Myka shakes her head. "Never. In fact, I can't even believe that I'm doing it right now. It's very much not the type of thing I would go along with." Embarrassed by the admission, she tucks a loose strand of curls behind her ear.

Helena, though, is looking at her with an indecipherable look on her face. "I've never met anyone quite like you, Myka. You will see me again." It sounds like a promise, and it's the type of statement that Myka would ordinarily have more questions about, but Helena is leaning up to close the scant few inches between them, ghosting soft lips across Myka's cheek, and the taller woman finds that she's lost her entire train of thought as time seems to stop.
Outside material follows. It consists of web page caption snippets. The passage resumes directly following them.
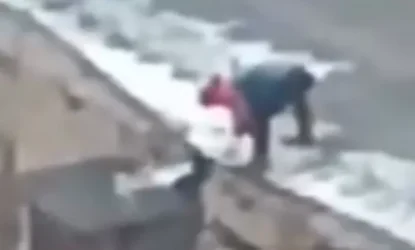 ՏԵՍԱՆՅՈՒԹ. Ինչպես են Մոսկվայում շենքերի տանիքները ձեռքով մաքրում ձնից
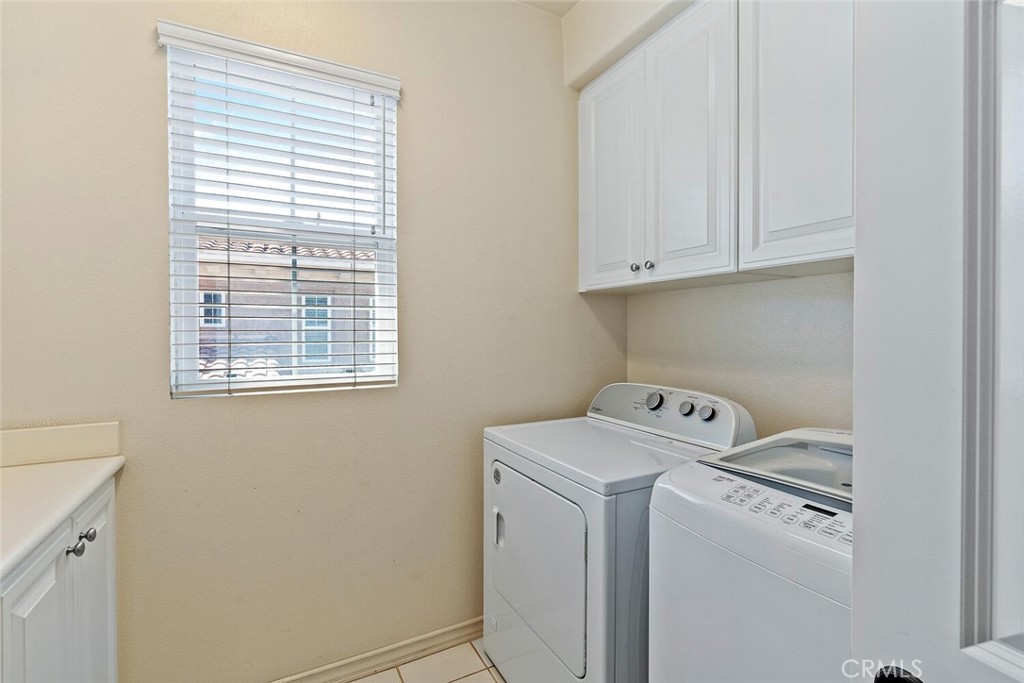 28 Malibu Irvine, CA 92602 - Photo 34 of 69 a utility room with dryer and washer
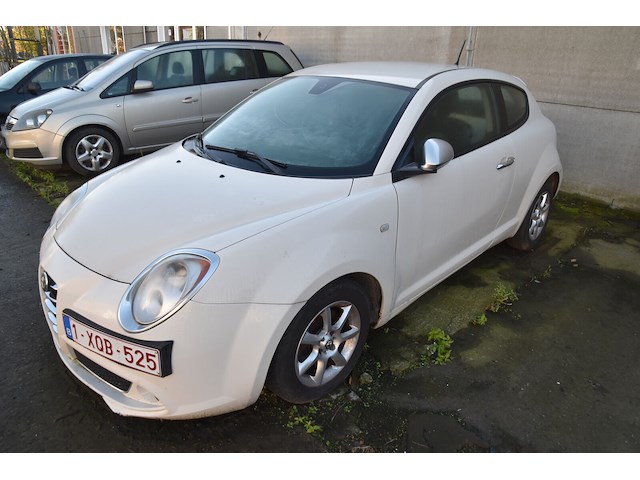 Auto dubbel gebruik alfa romeo mito (2011 / zar 955 000 01 137 015) - afbeelding 1 van  31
When it resumes, the woman in the crimson gown is nowhere in sight.

Several moments later, she's cursing under her breath as she realizes that neither is Pete.


	2. Chapter 2

It takes way too long, when one considers the size of the party, for Myka Bering to manage to locate Pete. It’s not until she’s canvassed the entire party twice, ducked down offshoot corridors and even popped into the kitchen that she manages to find him standing dead center in the middle of the chaos. He has, of course, managed to find one of the servers and currently has both hands, and his mouth, full of whatever the poor woman has on her tray, which would make Myka feel less concerned except that having a full mouth has never really stopped Pete from talking.

"Mykes!" he exclaims when she walks up to him, narrowly managing to avoid spraying her with food in the process. "Isn’t this great?"

Myka shakes her head no as the woman offers her something off the tray and looks at Pete. “I’ve been looking for you forever, Pete, where have you been?”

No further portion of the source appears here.